Here’s What I Learned From Divorce
1. Focus on what is acceptable, not what is fair
Attorney Beth McCormack of Chicago-based family law firm Beermann LLP discourages her clients’ use of the word “fair” preferring they replace it with “acceptable” – and for good reason. Fair tends to be subjective. What is fair to one may be not seem fair to the other, whereas acceptable is slightly more black and white. A smart strategy would be to consider a range of acceptable settlement outcomes and keep your eye on the long game. As the case unfolds, whether you are a high-net-worth couple or not, the reality is you are not going to get exactly what you want and at times this won’t always seem fair.
While the minutia and complexity of your case hopefully pales in comparison to the Gates’, the fact remains that you will face several curveballs along the way and focusing on an acceptable outcome rather than becoming derailed by what is not fair, will save you thousands in attorney’s fees and significant angst. Finally, having a mentality of what is fair tends to enable a victim mindset, whereas acceptable puts you back in the driver’s seat encouraging accountability for a happy and fulfilled life post-divorce.
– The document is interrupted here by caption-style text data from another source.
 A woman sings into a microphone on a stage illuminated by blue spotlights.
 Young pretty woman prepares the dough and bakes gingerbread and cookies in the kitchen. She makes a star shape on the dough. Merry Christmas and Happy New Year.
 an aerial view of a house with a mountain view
2. Organize, organize, organize
No matter the size of your bank account, separating your assets can be scary. It can also be a great opportunity to get organized and really understand where your money is and how it can ultimately work for you. It is not uncommon for one spouse to be less involved in the finances, particularly if they have been out of the workforce to raise children.
If this was you, the discovery phase of your divorce will seem daunting, requiring you and your spouse to disclose everything in your name such as accounts, tax statements, credit card debt and pay stubs to name a few. At times it may seem like you are handing over your life on paper, and in many ways you are. However, since this is a requirement, why not use the time wisely to get smart in areas you may have historically overlooked?
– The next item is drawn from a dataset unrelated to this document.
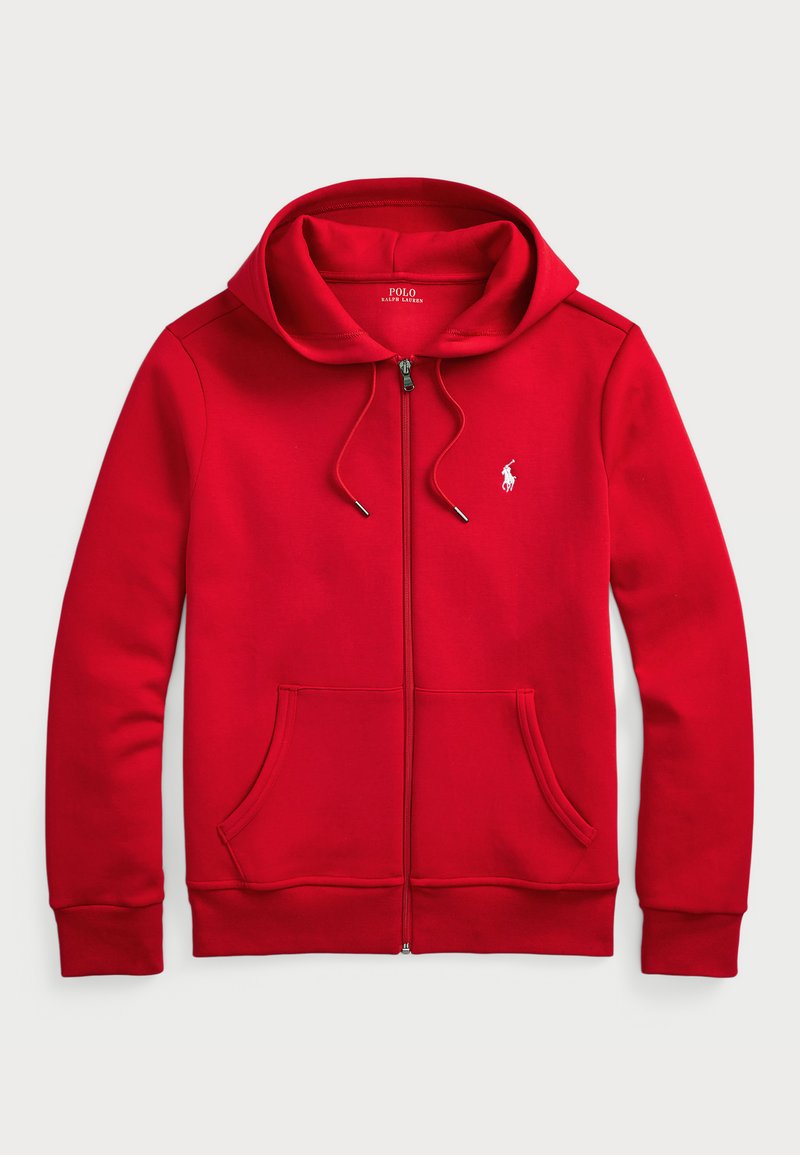 Červená mikina s kapucí na zip vyrobená z bavlněné směsi, s předním zipem, stahovací kapucí a dvěma bočními kapsami, s bílým logem na hrudi.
If you still seem overwhelmed, a Certified Divorce Financial Analyst (CDFA) may be well worth the fee as they have both the legal knowledge and financial acumen to help you get from point A to point B and to set long-term financial goals. Even if you engage a CDFA, a hands-on approach will serve you in the long run as any good analyst will educate you and answer questions along the way. Much like spring cleaning a house, going through the financial discovery process is tedious and can be intimidating, but once behind you, you will feel so empowered and in a much better position to make informed decisions about your money.
3. Avoid big decisions
Unless absolutely necessary, divorce is not a time to make rash decisions or changes to other areas of your life. Whether it is a new love interest, job change, or move to another city, it would behoove you to wait until the dust has settled. These distractions could compromise more pressing decisions during a time when clarity of mind is absolutely crucial. This is particularly important when children, the collateral damage of divorce, are involved. Remind yourself that they did not sign up for this. They need to feel that they are your priority during a transition that affects their lives even more than yours. If not for you, then for your children’s sake, try and maintain as much stability in their lives until they (and you) adjust to the new normal.
4. Turn your divorce into a relaunch
It is going to be very tempting to dwell on regret and rumination about the past. Take it from me, don’t do it to yourself. Yes, hold space to grieve and allow yourself time to cry, but whatever you do, don’t look back.
When you live in the past you are applying the knowledge of today to a time in history. This is fiction, a fairy tale really. You know what can be real? Taking all that you learned, applying it to the here and now, and carving out the best life for yourself going forward. If you need to hire a good therapist or coach to hold you accountable and not exhaust your loved ones, do it.
Remember, if you have children, they are watching. You will need to put that oxygen mask on immediately in order to help them cope and set the example you can one day be proud of. How you handle this transition will set the stage for not only how they handle it, but also for how they approach life’s biggest challenges. Do you want them to be the victim or the creator of their lives? No matter how much blame you assign your soon-to-be-ex, the sooner you accept the part you played, the sooner you can move on to the beautiful life you deserve without looking back.
What I learned from divorce is that happiness is possible on the other side. This may well be the rockiest time of your life. You will be under a microscope for your children, your spouse, the legal profession, and, if you are rich and famous, the whole world. But before you know it, the worst will be over and in its place, a blank slate that belongs to you. No matter how fat your wallet, these tips can be applied to most divorce cases, the Gates’ included. In fact, as the saying goes “more money, more problems” so anyone fortunate enough should take special note, even Bill and Melinda Gates.